A double-check with a knight and a rook: a turning point in the endgame

Oct 19, 2008, 12:00 AM |
3 | Endgames

In this game, the Black player chose to be very agressive during the opening. There were four Checks against the White King until move fourteen. Besides, this player opted for developing a Bishop and the Queen, and a knight, after the former was captured.

The White player chose to develop pieces and to hold the center of the board. This player developed the Queen to defend his positions and used a line of peons to make more room for the other pieces.

The 14th move is very important. Both players had 4 points each. But the White player commits a mistake leaving position f3 unprotected. The Black player identified a good opportunity to take advantage of that mistake: a knight rook against the King and the Queen! After capturing White's Queen, a material advantage was established.

After the Black's knight is captured, the Black player decides to attack at the center with the Queen. At this point, the White player had to rethink its strategy for the middle and endgame. The risk of loosing control of the center of the chessboard and/or loosing more pieces would imply in defeat. It was necessary to counter-attack.

The 17th move, therefore, is a critical point for the White player. At this point, White had two "free to move" rooks and two knights at the center, besides a lot of space for maneuvering. However, it was only a question of time for the black Queen to take control of the center or to create more damage.

The Black player fails to identify this turning point in White's plans. As evidence, on 17.Qc4, the Black player once again attack with the Queen in spite of developing other pieces to support her.

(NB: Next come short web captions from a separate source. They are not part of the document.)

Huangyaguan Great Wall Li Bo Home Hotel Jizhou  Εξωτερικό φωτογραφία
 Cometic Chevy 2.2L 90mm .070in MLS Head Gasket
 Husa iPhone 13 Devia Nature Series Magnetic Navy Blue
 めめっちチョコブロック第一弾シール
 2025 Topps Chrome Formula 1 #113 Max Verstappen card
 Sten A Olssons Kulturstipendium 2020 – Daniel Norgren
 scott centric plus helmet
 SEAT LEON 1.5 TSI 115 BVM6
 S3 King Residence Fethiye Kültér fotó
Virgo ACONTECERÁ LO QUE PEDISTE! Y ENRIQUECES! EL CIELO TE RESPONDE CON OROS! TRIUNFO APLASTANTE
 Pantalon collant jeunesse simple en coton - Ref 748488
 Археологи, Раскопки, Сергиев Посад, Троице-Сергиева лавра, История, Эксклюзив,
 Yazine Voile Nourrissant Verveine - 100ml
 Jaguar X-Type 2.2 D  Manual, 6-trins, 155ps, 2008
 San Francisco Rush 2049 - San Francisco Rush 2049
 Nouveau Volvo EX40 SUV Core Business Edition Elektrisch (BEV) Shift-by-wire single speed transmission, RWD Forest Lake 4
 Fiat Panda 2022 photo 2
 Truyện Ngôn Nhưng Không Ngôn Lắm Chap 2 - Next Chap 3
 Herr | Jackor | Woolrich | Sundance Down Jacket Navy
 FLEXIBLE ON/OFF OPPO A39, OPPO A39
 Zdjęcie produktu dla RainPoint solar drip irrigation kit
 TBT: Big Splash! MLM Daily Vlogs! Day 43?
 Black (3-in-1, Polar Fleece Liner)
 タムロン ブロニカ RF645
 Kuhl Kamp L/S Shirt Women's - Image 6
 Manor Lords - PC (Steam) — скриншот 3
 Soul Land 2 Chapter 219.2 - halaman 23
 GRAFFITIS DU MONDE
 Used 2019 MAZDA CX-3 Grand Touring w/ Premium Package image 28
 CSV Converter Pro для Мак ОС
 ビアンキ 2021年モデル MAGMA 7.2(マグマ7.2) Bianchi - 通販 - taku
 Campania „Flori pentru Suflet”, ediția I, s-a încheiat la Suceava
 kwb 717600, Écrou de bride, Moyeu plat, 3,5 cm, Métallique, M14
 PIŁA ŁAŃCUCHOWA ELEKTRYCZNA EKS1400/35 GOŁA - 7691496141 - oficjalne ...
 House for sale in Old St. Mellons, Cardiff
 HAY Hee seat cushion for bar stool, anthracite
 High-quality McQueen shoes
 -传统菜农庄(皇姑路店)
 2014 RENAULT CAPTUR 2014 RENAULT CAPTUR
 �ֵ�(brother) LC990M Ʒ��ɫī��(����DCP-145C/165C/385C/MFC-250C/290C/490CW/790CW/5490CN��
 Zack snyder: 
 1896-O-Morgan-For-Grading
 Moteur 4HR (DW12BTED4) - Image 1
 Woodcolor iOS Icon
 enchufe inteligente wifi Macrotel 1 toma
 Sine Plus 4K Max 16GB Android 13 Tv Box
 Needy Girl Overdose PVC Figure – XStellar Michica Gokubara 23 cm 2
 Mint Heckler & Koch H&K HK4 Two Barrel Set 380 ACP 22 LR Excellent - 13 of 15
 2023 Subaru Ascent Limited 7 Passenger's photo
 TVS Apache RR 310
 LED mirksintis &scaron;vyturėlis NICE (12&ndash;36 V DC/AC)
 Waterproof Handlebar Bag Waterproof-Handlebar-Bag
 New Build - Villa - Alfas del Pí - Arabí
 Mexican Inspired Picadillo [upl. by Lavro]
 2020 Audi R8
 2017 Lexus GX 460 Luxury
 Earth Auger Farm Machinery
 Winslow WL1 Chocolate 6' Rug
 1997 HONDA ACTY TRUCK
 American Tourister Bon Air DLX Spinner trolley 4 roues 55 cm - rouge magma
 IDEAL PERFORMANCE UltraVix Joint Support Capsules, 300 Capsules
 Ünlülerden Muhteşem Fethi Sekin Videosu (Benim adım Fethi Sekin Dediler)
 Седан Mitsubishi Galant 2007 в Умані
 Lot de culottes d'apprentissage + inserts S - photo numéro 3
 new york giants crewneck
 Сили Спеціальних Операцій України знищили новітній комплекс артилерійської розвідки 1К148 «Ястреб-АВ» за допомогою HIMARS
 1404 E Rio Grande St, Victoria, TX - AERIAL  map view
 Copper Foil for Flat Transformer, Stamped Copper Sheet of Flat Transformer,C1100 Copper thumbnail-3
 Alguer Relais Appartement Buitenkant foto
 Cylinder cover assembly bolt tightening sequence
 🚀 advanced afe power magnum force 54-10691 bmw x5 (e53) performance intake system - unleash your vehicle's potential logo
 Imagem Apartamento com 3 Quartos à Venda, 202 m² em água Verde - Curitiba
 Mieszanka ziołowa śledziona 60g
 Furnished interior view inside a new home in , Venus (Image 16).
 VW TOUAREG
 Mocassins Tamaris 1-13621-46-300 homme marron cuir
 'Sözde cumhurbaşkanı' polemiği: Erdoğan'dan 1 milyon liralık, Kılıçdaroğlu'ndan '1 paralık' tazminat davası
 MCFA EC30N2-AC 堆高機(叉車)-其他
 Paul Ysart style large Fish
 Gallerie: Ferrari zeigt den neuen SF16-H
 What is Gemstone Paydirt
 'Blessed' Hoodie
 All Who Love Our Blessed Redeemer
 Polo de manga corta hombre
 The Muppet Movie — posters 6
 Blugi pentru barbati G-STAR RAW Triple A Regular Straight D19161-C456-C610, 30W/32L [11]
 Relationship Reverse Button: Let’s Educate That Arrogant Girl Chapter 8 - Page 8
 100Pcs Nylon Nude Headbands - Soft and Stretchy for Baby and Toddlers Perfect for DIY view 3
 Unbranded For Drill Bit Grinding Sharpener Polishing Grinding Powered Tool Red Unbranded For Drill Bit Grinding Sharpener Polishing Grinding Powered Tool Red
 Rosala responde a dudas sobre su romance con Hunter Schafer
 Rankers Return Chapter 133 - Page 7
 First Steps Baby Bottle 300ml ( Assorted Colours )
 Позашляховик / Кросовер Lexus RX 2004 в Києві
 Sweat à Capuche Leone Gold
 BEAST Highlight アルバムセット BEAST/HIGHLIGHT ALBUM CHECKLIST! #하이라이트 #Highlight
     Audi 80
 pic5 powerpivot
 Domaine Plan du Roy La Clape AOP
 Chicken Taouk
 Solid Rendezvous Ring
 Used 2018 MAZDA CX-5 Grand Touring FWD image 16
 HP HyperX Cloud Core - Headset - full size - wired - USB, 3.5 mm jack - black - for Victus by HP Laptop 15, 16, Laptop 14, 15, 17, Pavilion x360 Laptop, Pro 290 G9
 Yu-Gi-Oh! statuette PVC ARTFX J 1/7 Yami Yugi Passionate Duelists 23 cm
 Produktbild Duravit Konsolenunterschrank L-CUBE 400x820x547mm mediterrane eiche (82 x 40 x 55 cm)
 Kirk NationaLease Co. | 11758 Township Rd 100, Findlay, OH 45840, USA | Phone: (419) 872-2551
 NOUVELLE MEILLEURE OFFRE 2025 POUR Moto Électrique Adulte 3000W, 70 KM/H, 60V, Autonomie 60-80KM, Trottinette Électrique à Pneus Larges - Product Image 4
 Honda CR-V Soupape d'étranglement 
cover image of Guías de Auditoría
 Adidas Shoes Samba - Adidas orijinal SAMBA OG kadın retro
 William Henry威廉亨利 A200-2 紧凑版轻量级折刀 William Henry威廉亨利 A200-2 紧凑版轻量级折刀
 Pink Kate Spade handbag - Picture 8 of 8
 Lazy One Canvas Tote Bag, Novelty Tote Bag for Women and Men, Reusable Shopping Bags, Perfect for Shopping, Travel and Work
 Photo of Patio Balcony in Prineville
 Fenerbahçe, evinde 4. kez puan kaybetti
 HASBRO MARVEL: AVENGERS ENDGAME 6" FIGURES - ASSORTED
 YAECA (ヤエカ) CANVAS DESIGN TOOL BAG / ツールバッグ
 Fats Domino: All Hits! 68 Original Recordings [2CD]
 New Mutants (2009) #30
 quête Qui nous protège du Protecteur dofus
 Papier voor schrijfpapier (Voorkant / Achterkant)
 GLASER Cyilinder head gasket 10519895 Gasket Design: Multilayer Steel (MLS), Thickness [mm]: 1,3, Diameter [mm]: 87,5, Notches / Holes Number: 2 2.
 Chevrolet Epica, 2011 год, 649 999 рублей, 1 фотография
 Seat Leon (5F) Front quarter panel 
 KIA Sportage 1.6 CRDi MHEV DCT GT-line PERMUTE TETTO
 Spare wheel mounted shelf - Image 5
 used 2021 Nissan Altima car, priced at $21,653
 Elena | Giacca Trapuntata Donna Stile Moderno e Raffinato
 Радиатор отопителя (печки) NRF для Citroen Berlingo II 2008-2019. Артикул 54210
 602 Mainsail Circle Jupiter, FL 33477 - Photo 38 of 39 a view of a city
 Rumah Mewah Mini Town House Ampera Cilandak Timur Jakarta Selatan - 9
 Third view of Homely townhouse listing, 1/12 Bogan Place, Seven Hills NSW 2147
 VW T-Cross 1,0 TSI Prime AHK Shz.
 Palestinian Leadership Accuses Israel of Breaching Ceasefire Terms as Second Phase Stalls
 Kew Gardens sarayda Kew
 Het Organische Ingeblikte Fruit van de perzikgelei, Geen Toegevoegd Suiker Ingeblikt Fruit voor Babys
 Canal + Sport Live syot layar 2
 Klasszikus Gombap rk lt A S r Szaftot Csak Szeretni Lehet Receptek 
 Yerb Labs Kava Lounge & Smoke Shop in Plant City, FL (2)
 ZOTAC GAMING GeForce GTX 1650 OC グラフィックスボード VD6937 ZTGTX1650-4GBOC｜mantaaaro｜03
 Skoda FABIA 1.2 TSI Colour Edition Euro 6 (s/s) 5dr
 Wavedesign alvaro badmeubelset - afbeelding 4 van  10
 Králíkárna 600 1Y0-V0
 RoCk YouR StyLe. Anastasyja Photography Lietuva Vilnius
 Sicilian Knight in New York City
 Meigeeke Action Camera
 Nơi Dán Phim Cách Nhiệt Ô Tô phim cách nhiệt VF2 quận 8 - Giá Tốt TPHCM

In the endgame, the White player decides to attack position e7 with one of the rooks. The Black player identifies another opportunity for a fork, this time a Queen's fork against rooks. This move could have set such a material difference, it could have been decisive. But, White had a trick to perform.

The White player moves one of the knights into position f6 and attacking black's King. However, this move uncovered a rook's check, as well. This is called a double-check and it is a very powerful move. The Black King's route of escape was limited by its own allies! The White player advances with the rook to position e8 and that is a Checkmate!

We can see how the material advantage could have decided the game, unless such an unexpected turning point in the endgame had taken place. The White player succeeded in transforming space advantage and superior development of pieces into an very aggressive move, revealing a change of tactics.